I watched the fast runners take off at a pace I thought impossible, groups of participants chatting away, walkers powering along, kids on bikes riding beside their parents. It was inspiring, challenging and fun.
The following winter I trained for a half marathon. That meant training runs pushing past two hours.
I hated running, right? Hmm. Finishing that race was a major personal accomplishment that sealed the deal. I was hooked on running.
Then I then discovered Nancy Thomson’s fantastic Thursday night trail runs (she sets up a flagged course with chocolate milk as a reward at the end). That opened up a whole different running world.
It eventually led to running a leg of the Yukon River Trail Marathon, many other Yukon and Outside events, and now a marathon this coming May.

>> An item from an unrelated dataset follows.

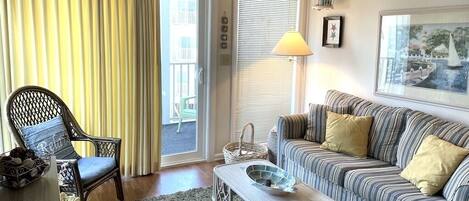 Living room with flat screen smart TV and private screened balcony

Running has changed my life. The training has shown me that, by sticking with it, I can accomplish my goals and do things I never thought possible. I feel better physically than I ever have, and my mind feels sharper.
My daughter, all of two-and-a-half years old, runs races with me around the house. My whole family comes out to the weekly fun runs.
I have made many great friends in the running/walking community and admire the dedicated volunteers who make our events happen.
It’s that time of year to start thinking about the summer running and walking season and how you, too, can get out and participate.
The first event is the 21st Anniversary Law Day Fun Run for charity on April 27 in Whitehorse. The Tuesday fun runs/walks begin in early May, starting in front of F.H. Collins Secondary School at 6 p.m. There are options of 2.5k and 5k distances for either running or walking.
There is no pressure to be fast, only to participate, get active and have fun.
Athletics Yukon has a calendar of running and walking events at www.athleticsyukon.ca. We’re also on Facebook.
Want to get into running or walking but don’t know where to start? There are run/walk clinics in Whitehorse on Tuesday evenings from April 3 to May 8 to prepare for the annual 5K Run for Mom on May 13.
For more information, contact firstname.lastname@example.org. I’ll also explore training options more fully in an upcoming column.
Running or walking, alone or with friends, at races or it the woods—it’s all about putting one foot in front of the other and moving forward both happier and healthier.
I am now a runner and… wait for it… I love it! Sometimes I still can’t believe it.